The list highlights private companies’ contribution to exports, shining a light on those with the fastest-growing overseas sales.
This year marks the first time Washington-based Oil Consultants have been included, and the business has achieved an impressive ranking of number 45 on their first year in the list, becoming the second highest ranking company from our region.
Elsewhere on the list are County Durham-based GT Group, at 162, and Berwick-based malt producers Simpsons Malt who top the regional entries at number 23
Established in 1999, Oil Consultants came under new ownership three years ago, signalling a step change for the business.
It has increased staff from under 10 to more than 70 staff operating in 95 countries, with more than 25,000 highly-skilled specialist workers on its books who are supplied to all the oil and gas industry’s major players.
The firm has forecasted revenues of up to £50m for the current financial year, up from £27m in the year to July 2013, growth the firm attributes to its rapid geographical expansion having opened new offices in Jakarta, Indonesia and Dubai, giving it a network of nine offices around the world, including the US, China, Malaysia and Trinidad.
In the last three years the company has almost tripled sales, more than 85% of which now comes from international sales, and earlier this year it stepped up growth plans through support from Lloyds Bank Commercial Finance.
Oil Consultants’ chief executive, Helen Smith, said: “I am delighted at how well we have done on this list.
“Our industry is an international one and we have become very experienced at placing candidates from 90 plus different nationalities with our global client base.
“We knew we’d had a very successful few years of growth as a company but it is really pleasing to be placed so highly and ahead of some very large companies that are household names.”
Despite the success Smith admits that the company must continue to adapt to changing market needs if it is to maintain its strong international presence.

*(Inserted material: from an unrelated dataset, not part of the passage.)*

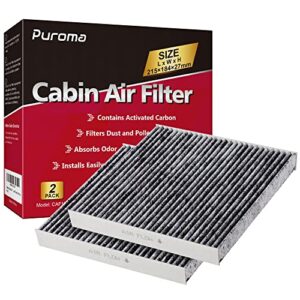puroma cabin air filter with activated carbon, replacement for cp157, cf12157, select lexus and toyota vehicles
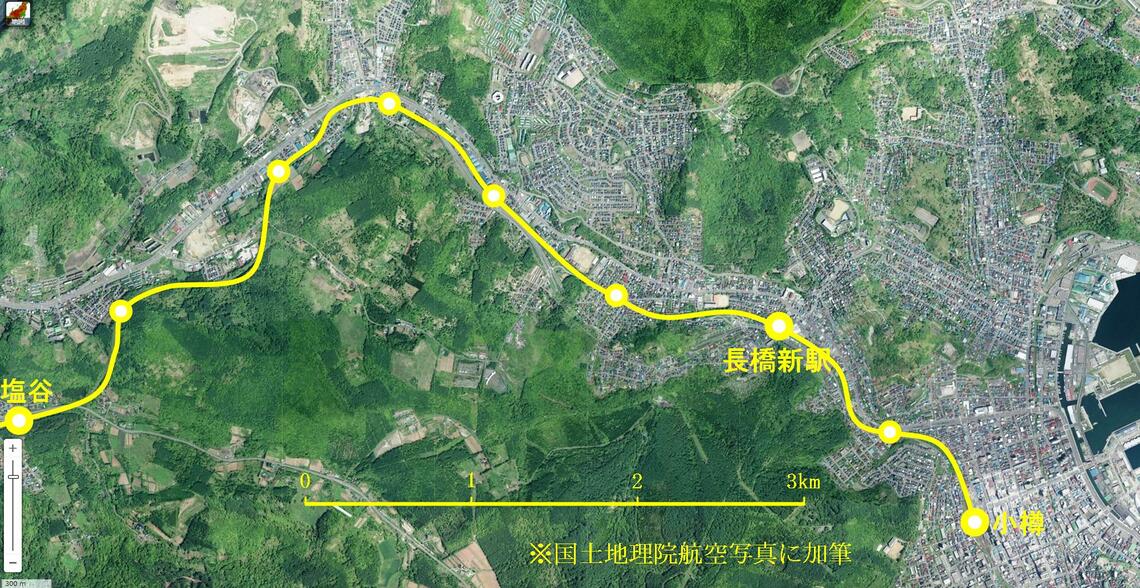 鉄道コンサルタントが提案していた小樽市内の新駅構想（画像：ライトレール）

“The global oil and gas industry is changing,” she said.
“We are seeing countries in the early stages of developing their reserves look to maintain the skills and wealth that oil and gas exploration can bring within their own economy as far as possible.
“This means they want to employ as many local staff as possible. At the same time they are also looking to learn from the expertise of some of the industry’s most experienced personnel so we find we are having to adapt our services to meet these needs.
“Having now worked in almost all of the oil producing countries in the world our task is now to build on our presence in these markets and develop the depth of our services in these areas.
“The Asia Pacific market is still very strong for us, as is the Middle East, and we expect these areas to continue to show strong growth.
“At the same time we are expecting a lot more development in the South American markets as they start to focus on production and, closer to home, the North Sea will still be a key part of our business as we develop services to meet the growing decommissioning requirements in this area.”